Night and the water, and you in your whiteness, bathing!
Amy Lowell.
Au Vieux Jardin
I have sat here happy in the gardens, Watching the still pool and the reeds And the dark clouds Which the wind of the upper air Tore like the green leafy bough Of the divers-hued trees of late summer; But though I greatly delight In these and the water lilies, That which sets me nighest to weeping Is the rose and white colour of the smooth flag-stones, And the pale yellow grasses Among them.
Richard Aldington.
Ts'ai Chi'h
The petals fall in the fountain, the orange coloured rose-leaves, Their ochre clings to the stone.
Ezra Pound.
Liu Ch'e
The rustling of the silk is discontinued, Dust drifts over the courtyard, There is no sound of footfall, and the leaves Scurry into heaps and lie still, And she the rejoicer of the heart is beneath them.
A wet leaf that clings to the threshold.
Ezra Pound.
NEW YORK LETTER
GEORGE SOULE
GEORGE BRANDES--A HASTY IMPRESSION
The man who fought the big battle for Ibsen and Nietzsche should have filled Madison Square Garden; as it was, the little Comedy Theatre wasn't large enough to hold the audience, although Scandinavian patriotism accounted for a good deal of it. He came on the stage with Brander Matthews, the apotheosis of the academic, and the contrast was striking. Matthews was tall, dull, professional. Brandes, with his keen face, alert eyes, and shock of grayish hair, was possibly the most fully alive person in the room. He radiated interest--human connection with anything vital.

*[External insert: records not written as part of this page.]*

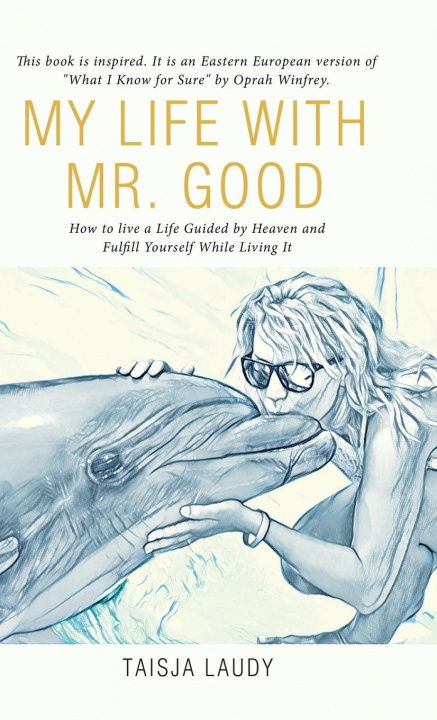 Kniha My Life with Mr. Good 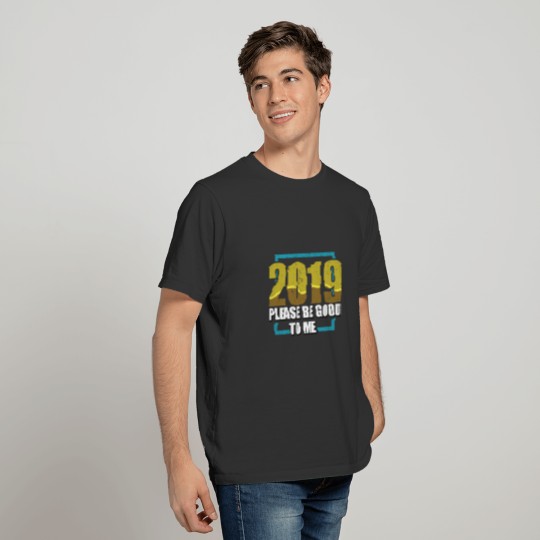 2019 Please Be Good To Me New Years Eve Gift T-shirt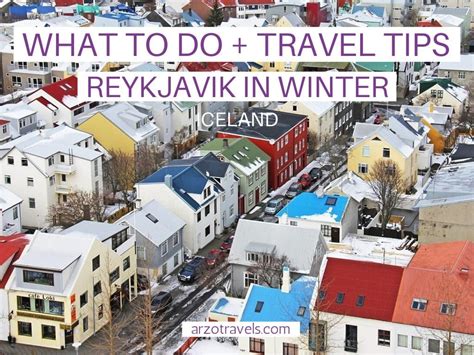 Best Things To Do In Reykjavik In Winter Travel Tips Arzo Travels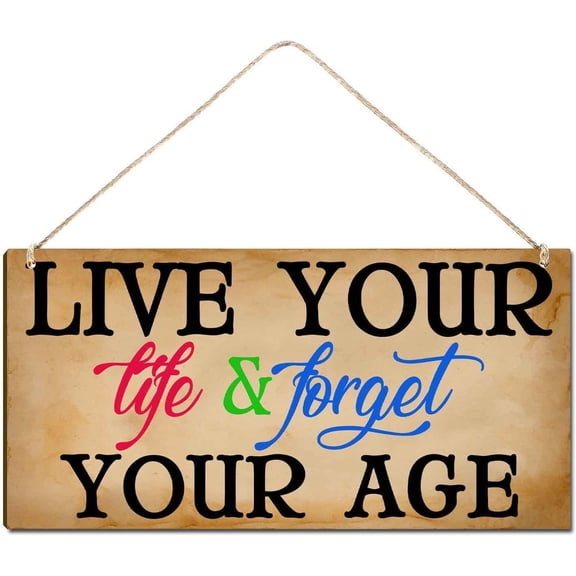 Welcome Sign for Front Door Outside Funny Porch Signs Outdoor Live Your Life & Forget Your Age House Warming Gift Funny Wreaths Decorations Rustic Farmhouse Wall Pediments Art Decor 8X12 Inch
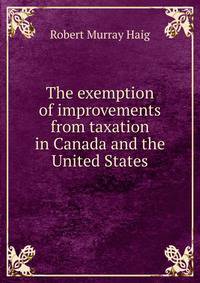 The exemption of improvements from taxation in Canada and the United States
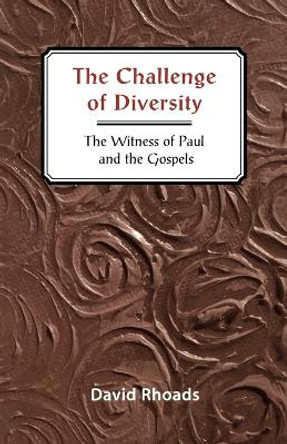 The Challenge of Diversity: Witness of Paul and the Gospels by David Rhoads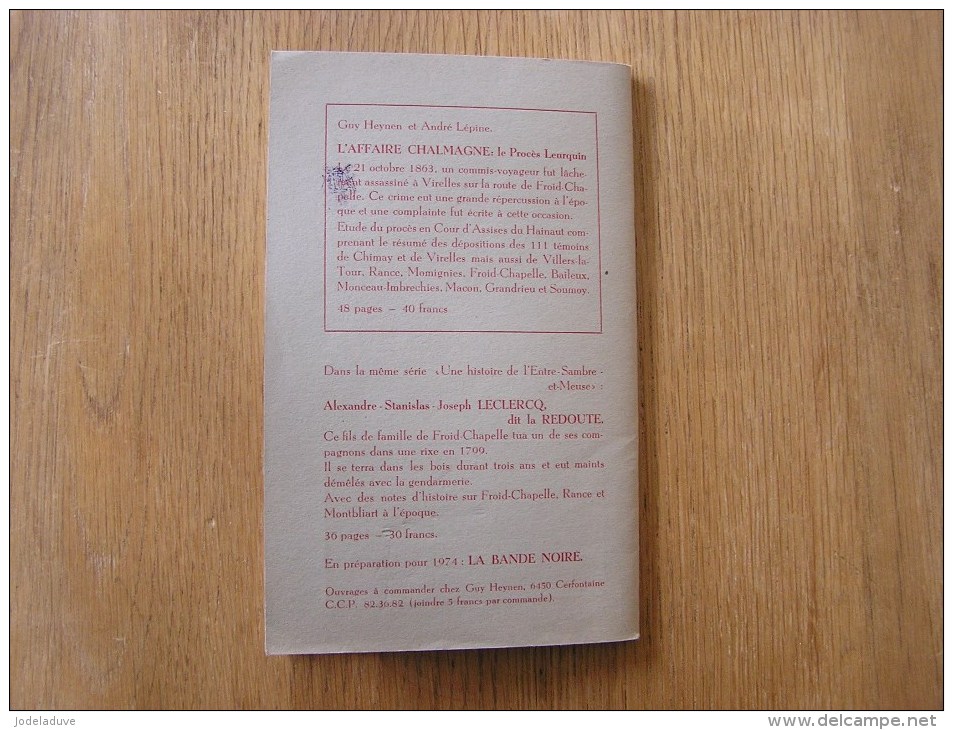 L´ AFFAIRE CHALMAGNE Le Procès Leurquin 1973 Régionalisme Histoire Sambre & Meuse Faits-Divers Froidchapelle Chimay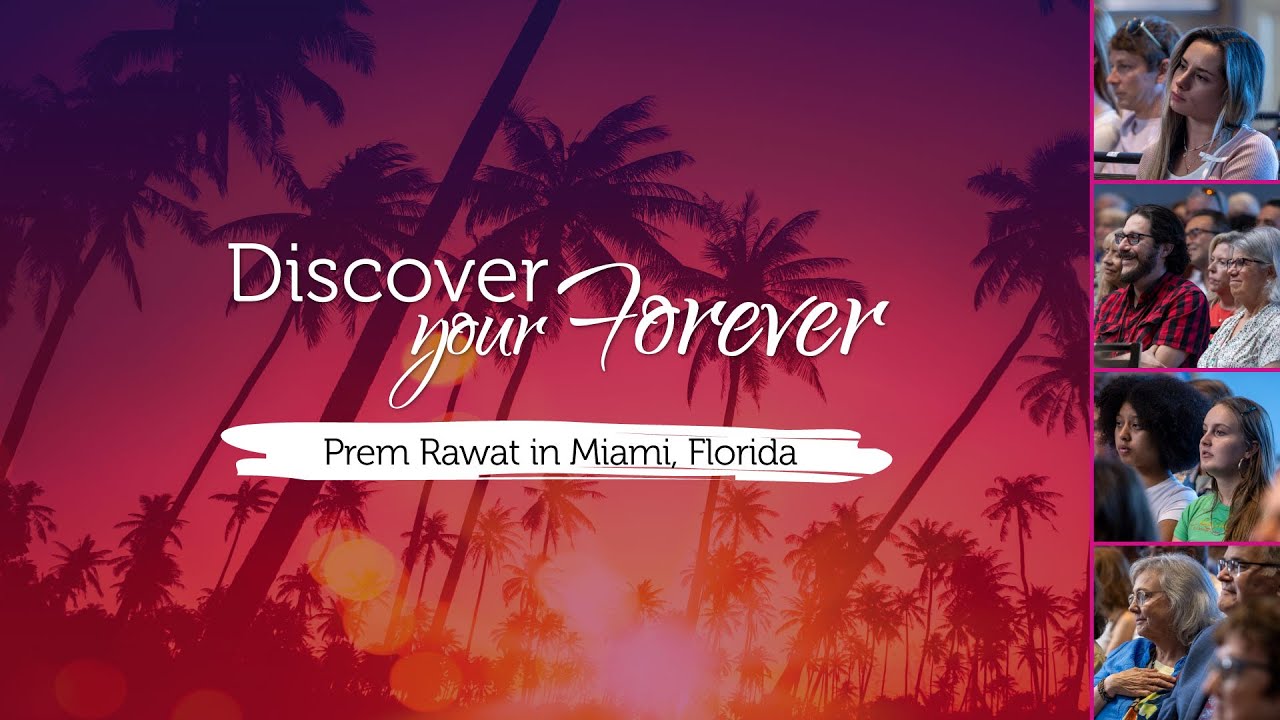 Discover Your Forever: Prem Rawat in Miami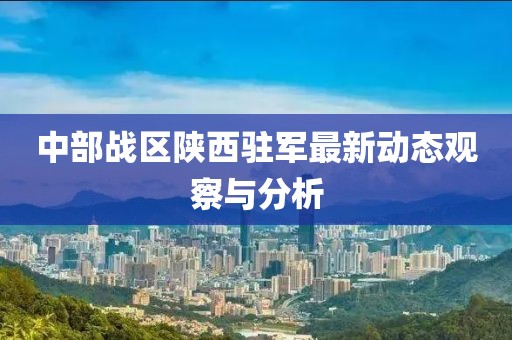 中部戰(zhàn)區(qū)陜西駐軍最新動(dòng)態(tài)觀察與分析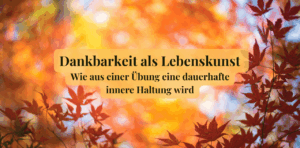Mehr über den Artikel erfahren Dankbarkeit als Lebenskunst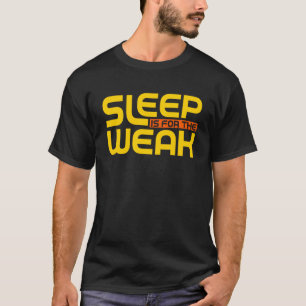 Schlaf ist für die schwache schlaflose müde Schlaf T-Shirt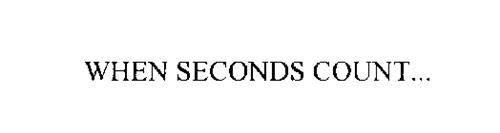 WHEN SECONDS COUNT...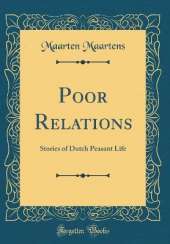 Poor Relations: Stories of Dutch Peasant Life (Classic Reprint)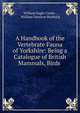 A Handbook of the Vertebrate Fauna of Yorkshire: Being a Catalogue of British Mammals, Birds ., Clarke, William E., d. 1912 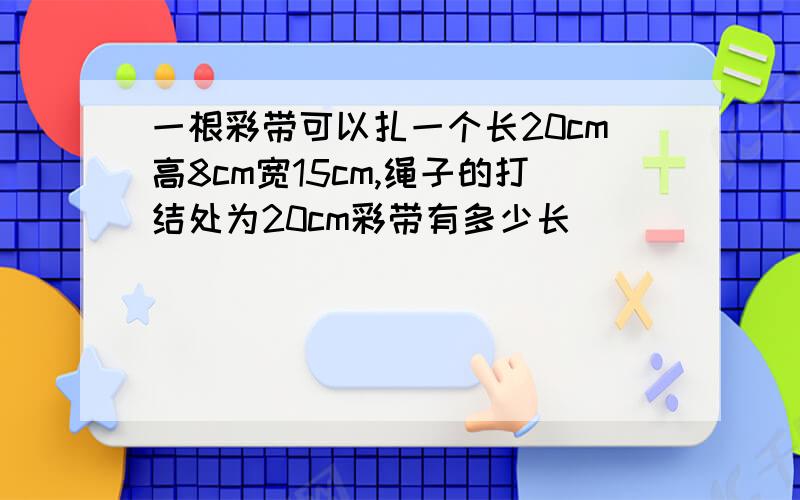 一根彩带可以扎一个长20cm高8cm宽15cm,绳子的打结处为20cm彩带有多少长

We were all a little sorry his subject was Shakespeare; we wanted to hear of something modern. And when the first part of the lecture was read, couched in scholarly but terse English, we felt cheated. It was good criticism, and informing, but it wasn't the sort of thing we had expected from Brandes. Suddenly a spark shot out. (The quotation is from memory):
We cannot emphasize too strongly the fact that all works of literature which have a real effect on mankind, all works which endure hundreds of years, find their inspiration not in books, but in life.
The words were pronounced with excited intensity. Soon came another:
We used to define the genius as the man who interprets his age; now we know that the genius is the man who, working against his age, creates new times.
Dr. Brandes broke into a lively sally at the Baconians. He spoke of Shakespeare's errors in scholarship. These Bacon would surely have avoided, but of Shakespeare's great lines Bacon could not possibly have written one. He ended that section with something like this:
The Baconian theory was founded by the uneducated, it was developed by the half-educated, and it is now held solely by idiots.
The audience was immensely pleased at his sharp fire.